Ullberg is a member of numerous art organizations and has been honored with many prestigious awards. In 1990 his peers elected him a Full Academician (NA), thus making him the first wildlife artist since John James Audubon to receive one of the greatest tributes in American art. A selection of his memberships includes the National Sculpture Society; the American Society of Marine Art; the Allied Artists of America; Nature in Art, Sandhurst, UK; and the National Academy of Western Art in Oklahoma City, Ok. which awarded him the Prix de West, the foremost recognition in Western Art. In 2010 he received the Briscoe Legacy Award and in 2016, the lifetime achievement award from the Society of Animal Artists.
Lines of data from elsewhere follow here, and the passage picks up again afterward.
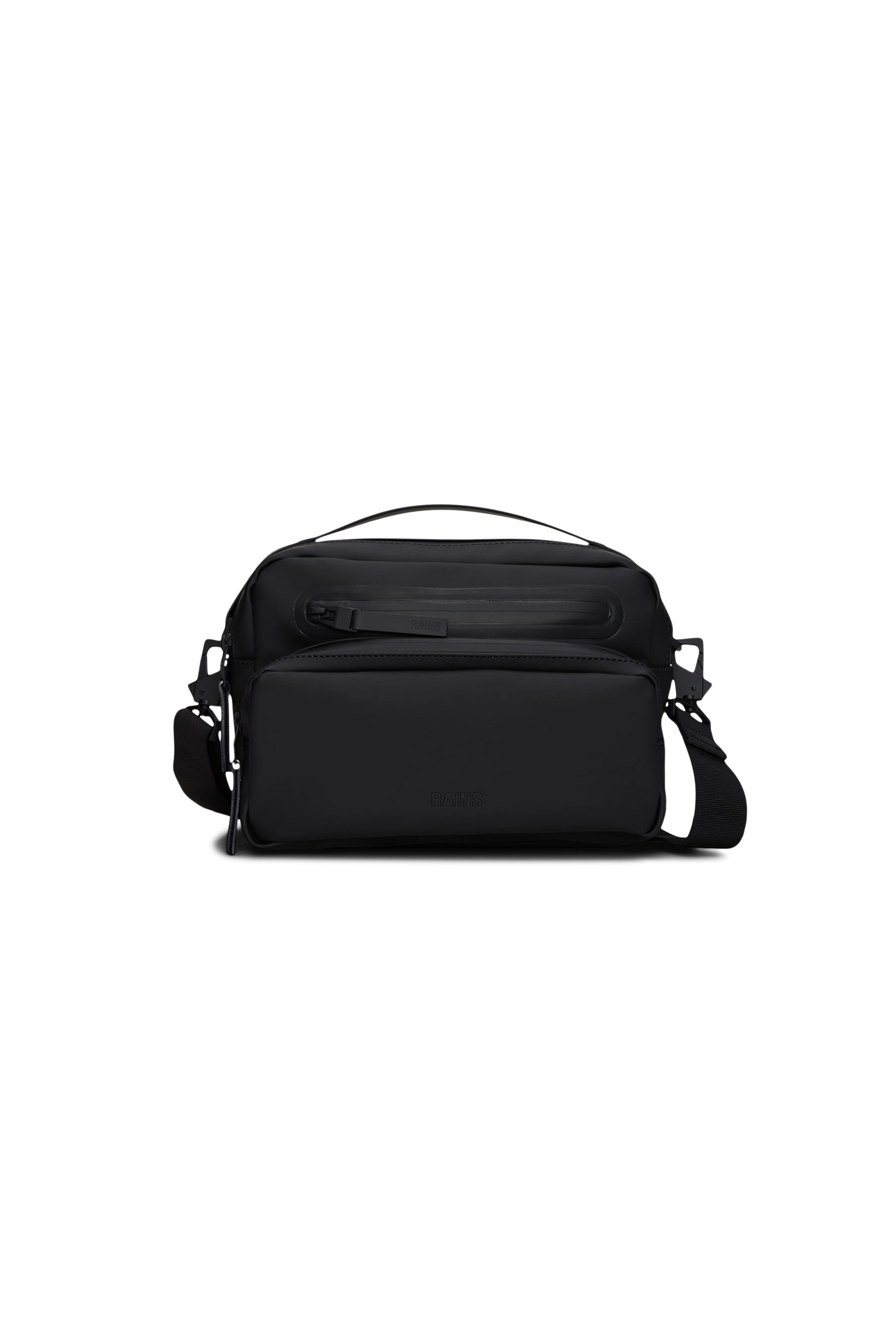 Cargo Box Bag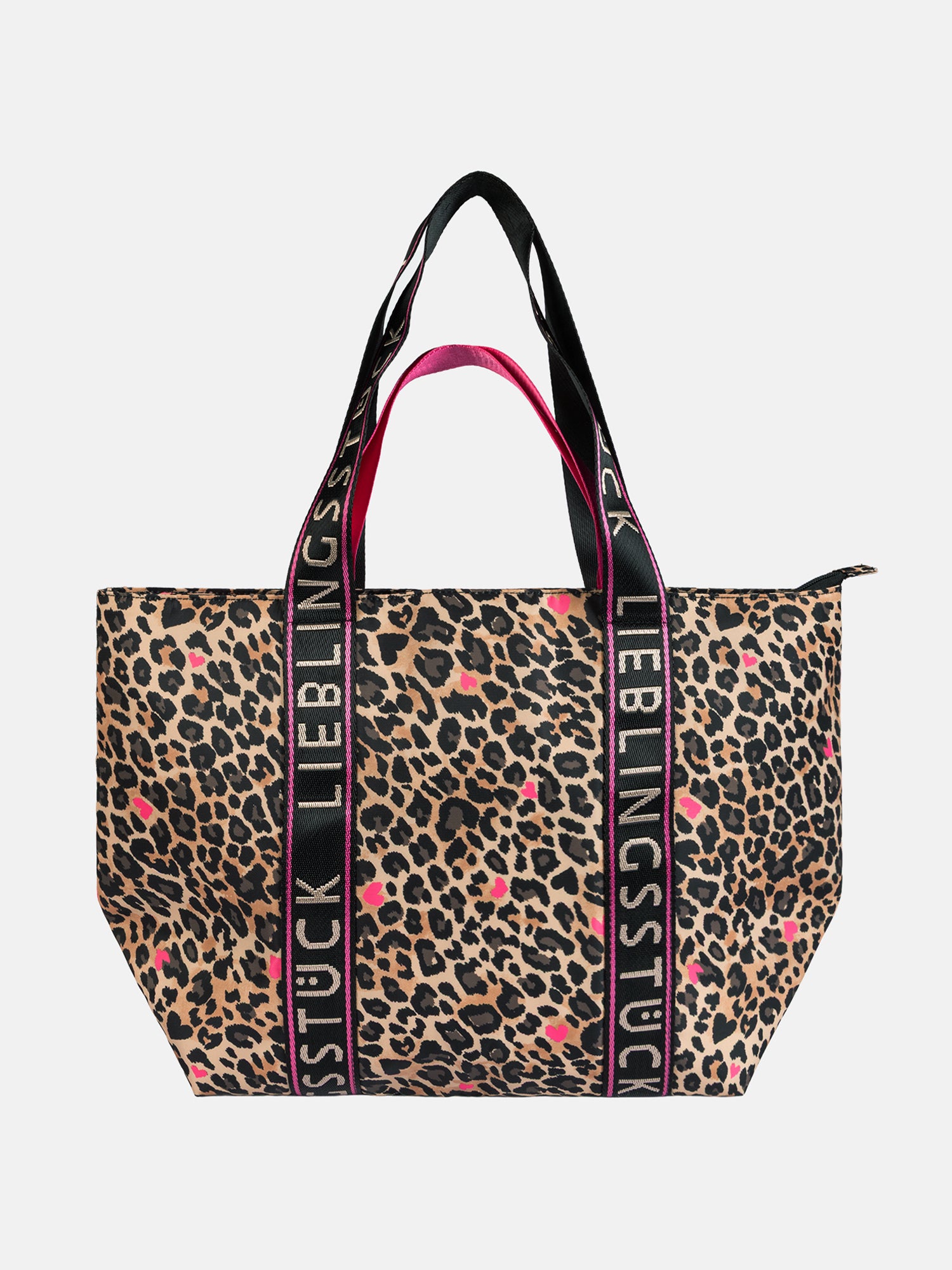 Tasche "MirellaL" aus Nylon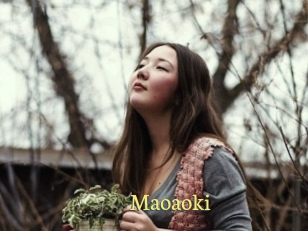Maoaoki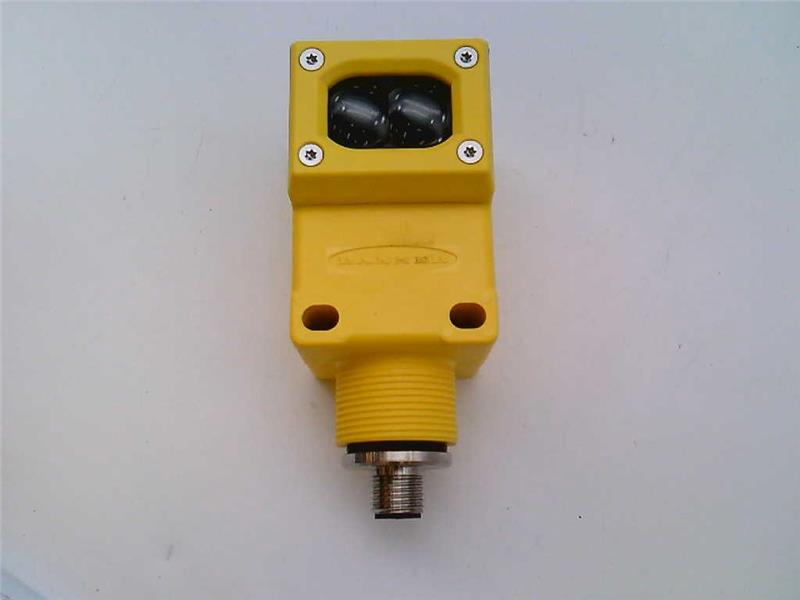 BANNER ENGINEERING Q45BW22DLQ24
Then in 2017, the Carl Millesgarden Museum, Stockholm, Sweden, hosted a retrospective show with 42 Ullberg sculptures.
Best known for his monumental works executed for museums and municipalities across the globe, in Sept. 2019 he installed a 21-ft. monument “Wings of Hope, Hands of Healing, “at the Mays Cancer Center in San Antonio, dedicated to all physicians and medical personal of the institute. His Fort Lauderdale, FL., and his Omaha, NE., installations are the largest bronze wildlife compositions ever done, the latter spanning several city blocks. Both earned him the coveted Henry Hering Medal Award from the National Sculpture Society, NYC. His most recent monumental installation is "Snow-Mastodon," a life-size bronze Mastodon placed outside the Denver Museum of Nature and Science.
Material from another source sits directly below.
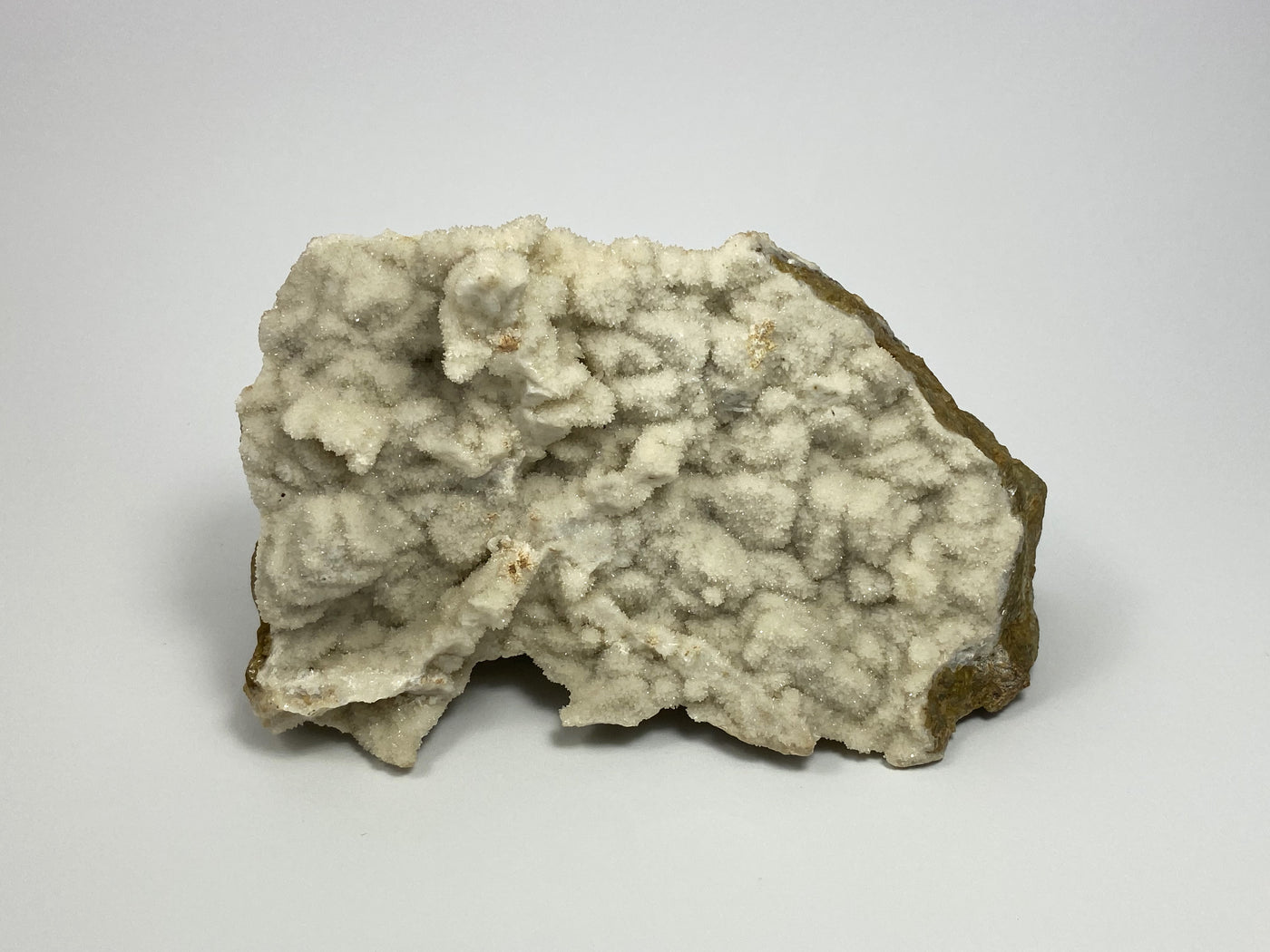 Calcite, ankerite, Hüttenberg, Carinthia, Austria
“I’ve been part of the Rockport Art Community for more than 40 years, having had many exhibits there with artist friends,” said Ullberg. “At the time, the Art Center was a small, modest wooden house that was destroyed during Hurricane Harvey in 2017. We thought that was the end of the Rockport art scene but now we have an awesome 2-city block Art Center with facilities for many art forms, including performing, visual and culinary art. There are four beautiful art exhibit galleries on two levels. I’m very proud to be selected to have a solo show in my favorite gallery, the H-E-B Gallery, curated by Elena Rodriguez, opening June 16, 2023.”
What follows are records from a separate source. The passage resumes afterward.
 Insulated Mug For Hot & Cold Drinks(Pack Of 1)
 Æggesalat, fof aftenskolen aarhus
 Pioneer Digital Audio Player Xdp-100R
Own a piece of history. This folio is a rare glimpse into the mind of this artistic titan. Long before a sculpture is cast and installed for the public, there are hundreds of observational and preparatory drawings created by Ullberg. Each folio contains 5 prints of wildlife and sculptures with a documentation page. The sketch of iguanas in the Galapagos is particularly impressive. Drawn in charcoal with gestural marks, it is clear Ullberg isn’t just capturing what he sees but understanding how the form functions in space. It’s a two-dimensional rendering with enough information to easily be translated into a three-dimensional form.